When the government isn’t dismissive, it is aggressive. Dr. McKinley decries “the use of state machinery,” as he tells me about the stepped-up police raids in central Johannesburg following the march. Police, home affairs officials and groups like Operation Dudula have recently doubled down in their efforts to raid foreign-owned businesses in central Johannesburg. This is where we see all contingents of aggressors towards KAXX working in unison: in challenging them, KAAX faces a Goliath task.
While the state officially claims there is no xenophobia in South Africa, what happens on the ground tells a different story. As much as the police promise to investigate incidences of xenophobia, there is hardly any justice delivered to the victims.
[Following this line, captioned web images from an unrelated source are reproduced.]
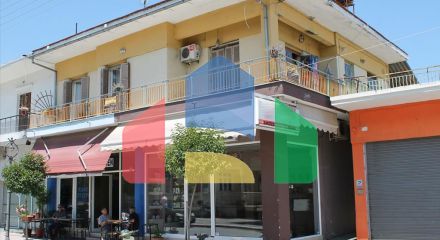 For Sale - Business 250 m² on the Olympic Coast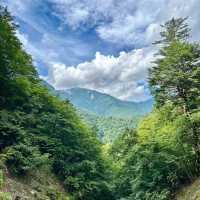 鮎返之滝 - 瀑布奇觀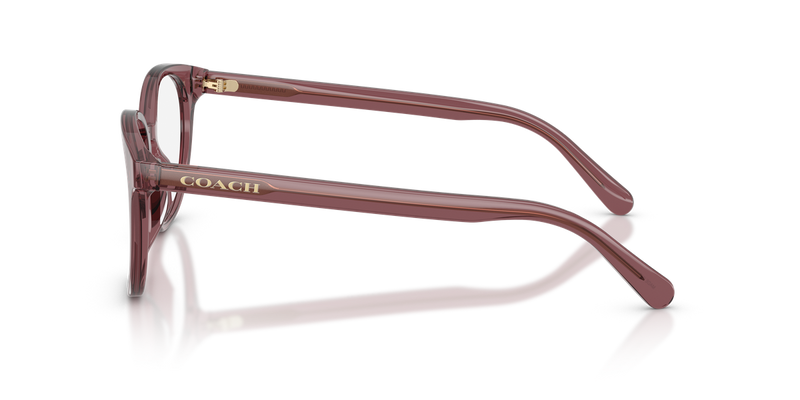Coach HC6301F in Transparent Purple - Alternate View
Dr. McKinley laments that nationality has become the latest test for existence in South Africa as police unashamedly sympathise with Operation Dudula.
In spite of the challenges they face, when I ask Dr. Mckinley what the future looks like for the organisation, heenthusiastically expresses their intention to contest public opinion and continue to fight against unfounded xenophobia.
He also pledges to carry on providing practical solidarity support to victims of xenophobia. Beyond that, he says: “KAAX is engaged in pushing back against the recently passed legislation against foreigners, which unfairly reserves jobs for South Africans.” Ultimately, KAAX aims to create a unifying space where society can expressly distance itself from prejudices against foreigners.
There is no denying that KAAX has a long way to go. What matters is that it has made the first step. Following the symbolic overturning of the ban on their march, I trust that they keep believing that all adversity is there to be conquered and that even the seemingly invincible Operation Dudula can be aligned with the voice of reason. Only such a consistent belief will result in humanity marching for the cause of humanity, even beyond the borders of South Africa.